THE INPUT:
______

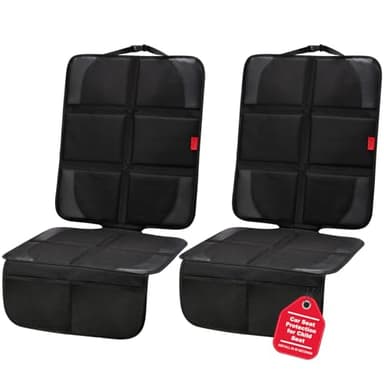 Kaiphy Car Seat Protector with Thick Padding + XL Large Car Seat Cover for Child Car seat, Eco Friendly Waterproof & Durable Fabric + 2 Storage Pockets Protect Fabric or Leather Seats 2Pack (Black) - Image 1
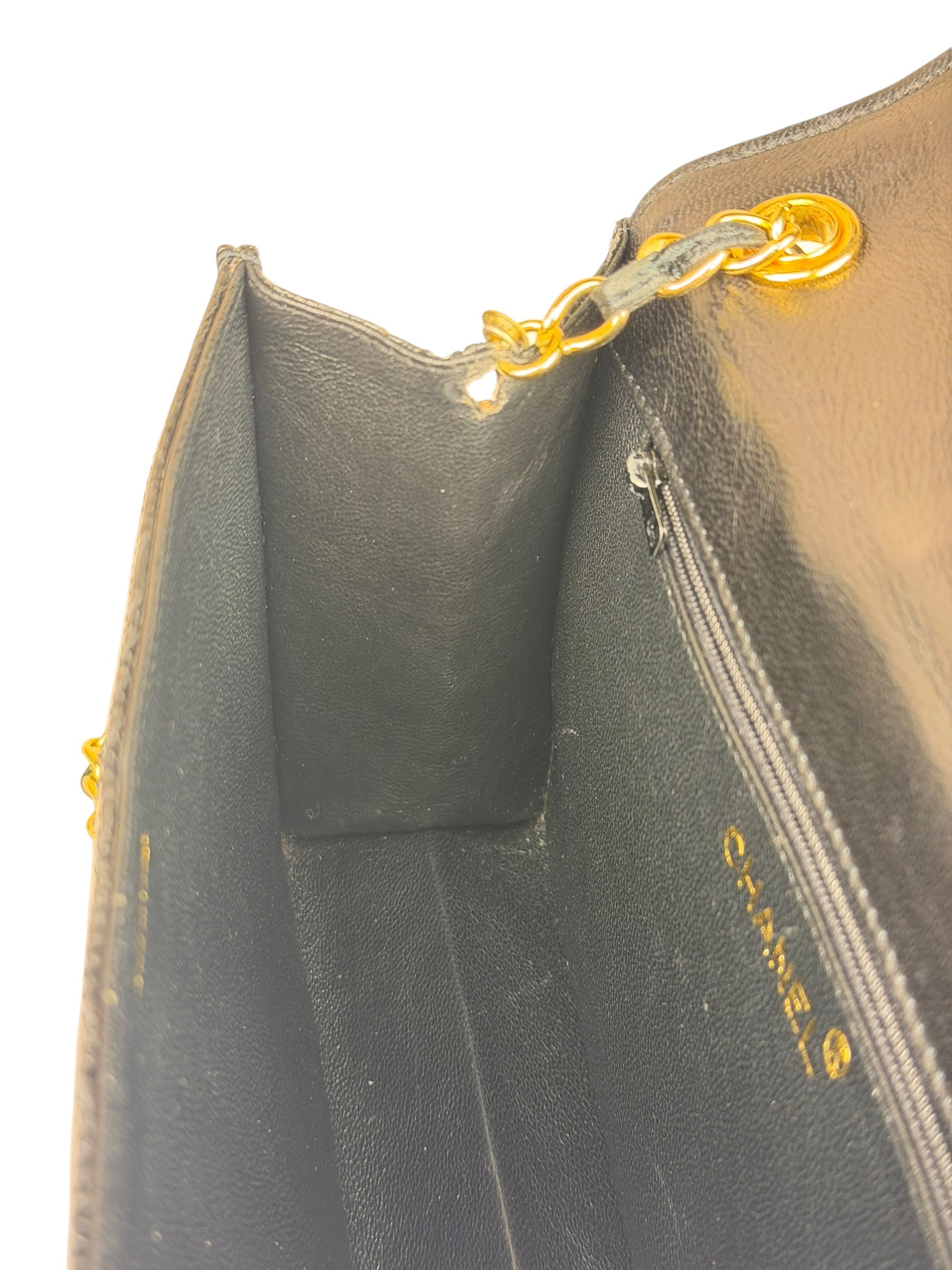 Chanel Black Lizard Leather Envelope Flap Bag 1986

______

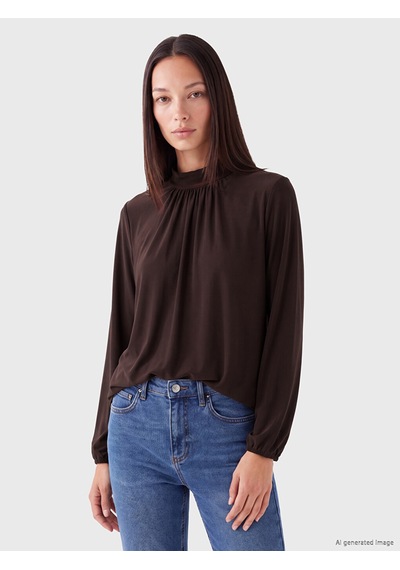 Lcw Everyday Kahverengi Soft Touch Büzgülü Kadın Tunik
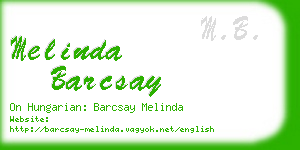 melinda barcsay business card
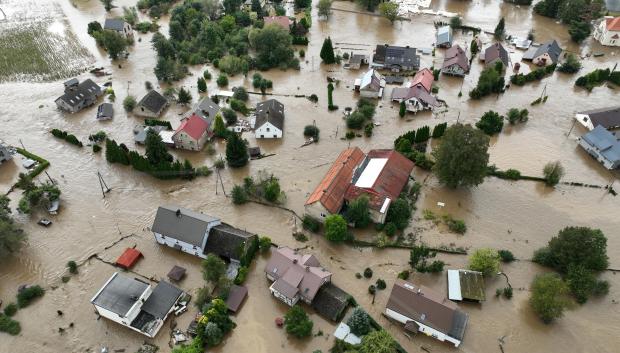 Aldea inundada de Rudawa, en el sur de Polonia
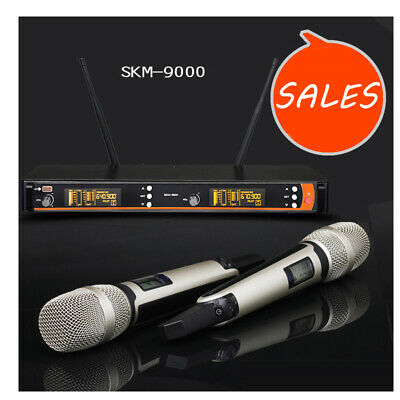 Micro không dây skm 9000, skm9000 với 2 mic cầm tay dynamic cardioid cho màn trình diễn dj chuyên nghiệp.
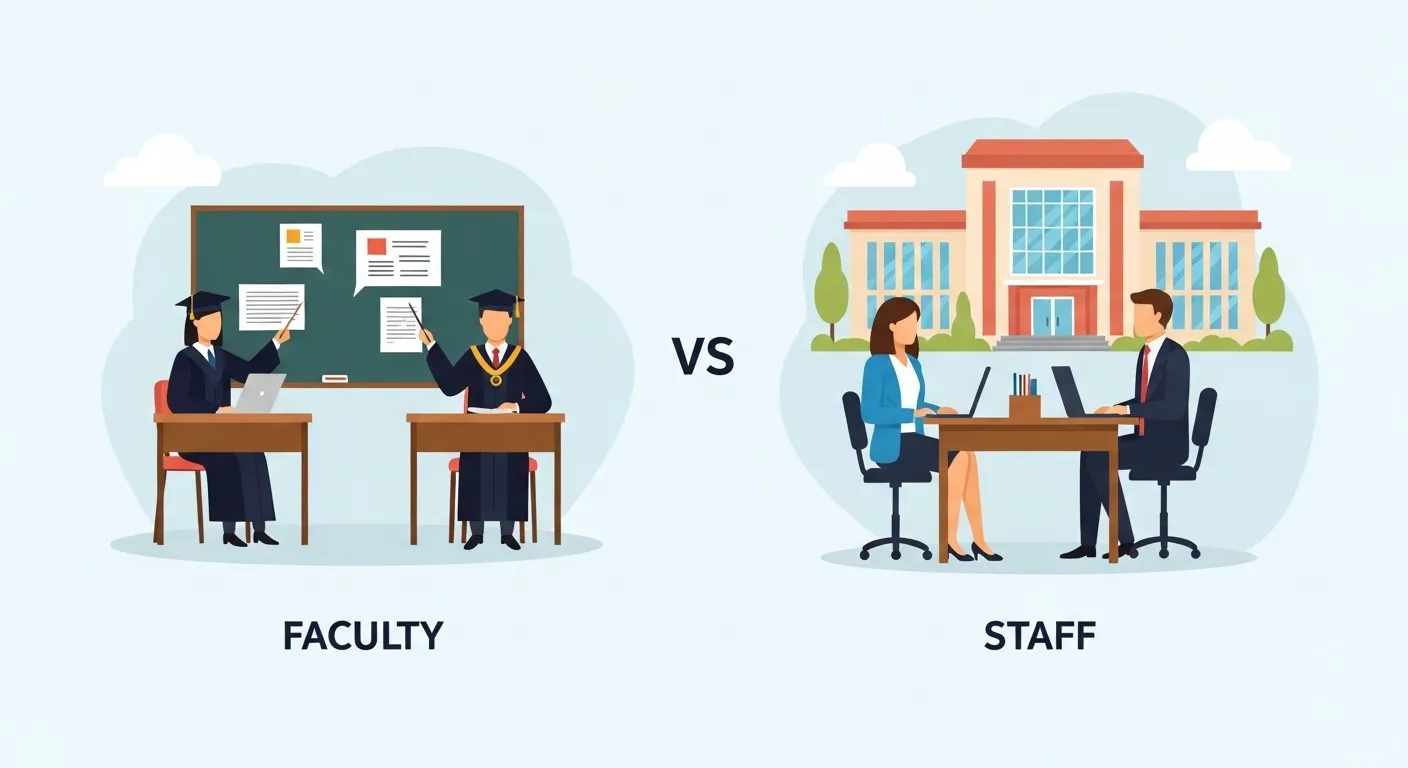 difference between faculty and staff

______

Above are records; repeat only the lines from the line with "Lcw Everyday Kahverengi" through the line with "difference between faculty and staff", and leave pictures out.

 Lcw Everyday Kahverengi Soft Touch Büzgülü Kadın Tunik
 melinda barcsay business card
 Aldea inundada de Rudawa, en el sur de Polonia
 Micro không dây skm 9000, skm9000 với 2 mic cầm tay dynamic cardioid cho màn trình diễn dj chuyên nghiệp.
 difference between faculty and staff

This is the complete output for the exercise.